The thing senior engineers miss: drops are only one failure mode. Even with zero drops, rank-level imbalance directly costs MFU because all-to-all is bulk-synchronous — the slowest rank determines the step time. Per-expert metrics tell you about drops; per-rank metrics tell you about MFU.


Q6. Token dropping vs expert-choice routing — trade-offs?

Token-choice with drop (Switch, Mixtral, DeepSeek): each token picks top-k experts. If an expert exceeds capacity, excess tokens are dropped (residual passes through). Pros: causal-friendly, simple to implement, well-understood. Cons: drops are signal loss, balance depends on aux loss working.

Expert-choice (Zhou et al. 2022): each expert picks top-k tokens. By construction, every expert gets exactly capacity tokens — perfect balance, zero drops. Cons: breaks causality because expert needs to see all tokens to rank them, which is fine in encoder-only or training (you have the full sequence) but fails for autoregressive inference — the expert can’t rank token t against token t+1 that doesn’t exist yet.

Production reality: training-only models (BERT-style) can use expert-choice. Decoder-only LLMs use token-choice. There’s no shipped autoregressive model using expert-choice, despite the perfect-balance pitch — inference incompatibility kills it.

Hybrid attempts exist (BASE layers, hash routing) but none have stuck. The frontier is making token-choice’s balance better via aux-loss-free methods rather than abandoning it.


Q7. How does DeepSeek-V3’s auxiliary-loss-free load balancing work, and why is it better?

V3 adds a per-expert bias b_i to the gating logits before top-k selection: s'_i = s_i + b_i. The bias is not learned via backprop — it’s updated heuristically each step: b_i ← b_i - γ · sign(load_i - target). Overloaded experts get their bias pushed down, underloaded ones up. Top-k uses s', but the gate value used for weighting outputs uses raw s_i — so the bias only affects routing, not the model’s gradient flow.

Why better than aux loss:

  1. Aux loss perturbs the main loss gradient — there’s a documented quality regression at strong aux-loss weights.

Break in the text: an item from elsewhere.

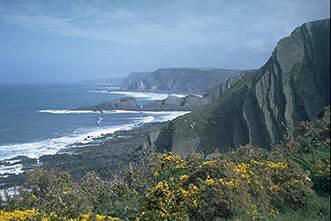 Bude Haven Hotel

Bias update is gradient-free, no perturbation.
  2. Faster convergence to balance — aux loss has to fight the model’s natural routing preferences; bias directly counters them by construction.
  3. Tunable separately — γ is a routing-specific knob, doesn’t trade against task loss.

The catch: bias updates are non-differentiable, so stability depends on γ being well-tuned. V3 uses a tiny γ (0.001 in their paper) and the bias drifts slowly. Too large and you get oscillation; too small and balance never converges. It’s a hyperparameter that requires tuning per-model — but it’s one knob, vs aux-loss which has both weight and form to tune.


Q8. What’s the comm cost of MoE all-to-all and how do you hide it?

Two all-to-alls per MoE layer: dispatch (tokens → expert holders) and combine (expert outputs → token sources). Volume per rank per all-to-all: b · s · top_k · d / N_EP — for V3 (top_k=8, d=7168, s=4K, b=1, N_EP=64): 1 · 4096 · 8 · 7168 / 64 = 3.7 MB per rank per direction. Sounds small, but × 58 MoE layers × 2 directions = 430 MB per rank per step on the critical path.

Hiding strategies:

  1. Compute-comm overlap within the layer: dispatch happens after gate computation, combine happens before residual add. Dispatch can overlap with the gate softmax/top-k of the next token chunk if you tile the sequence. V3’s custom kernel does this.
  2. DualPipe-style cross-stream overlap: schedule stream A’s dispatch during stream B’s expert matmul (Q2). This is the dominant V3 win — it makes all-to-all effectively free.
  3. Topology-aware all-to-all: NCCL’s default all-to-all is naive. For EP within a node, use NVLink-aware kernels (NVSHMEM-based). Cross-node, use hierarchical: node-internal all-to-all first, then single cross-node send per node-pair.
  4. Reduce all-to-all volume: top-k=8 is V3’s choice, top-k=2 is Mixtral’s. Linear in top_k. But top-k affects model quality, so this is a model-design knob, not a systems one.

The thing to flag in an interview: all-to-all is latency-bound at small messages and bandwidth-bound at large ones, and the crossover is ~1MB on H100. V3 sits right at the crossover, which is why kernel choice matters so much. Below 1MB you’re paying NCCL launch overhead per call; above 1MB you’re paying for actual bytes. Optimization strategy depends on which side you’re on.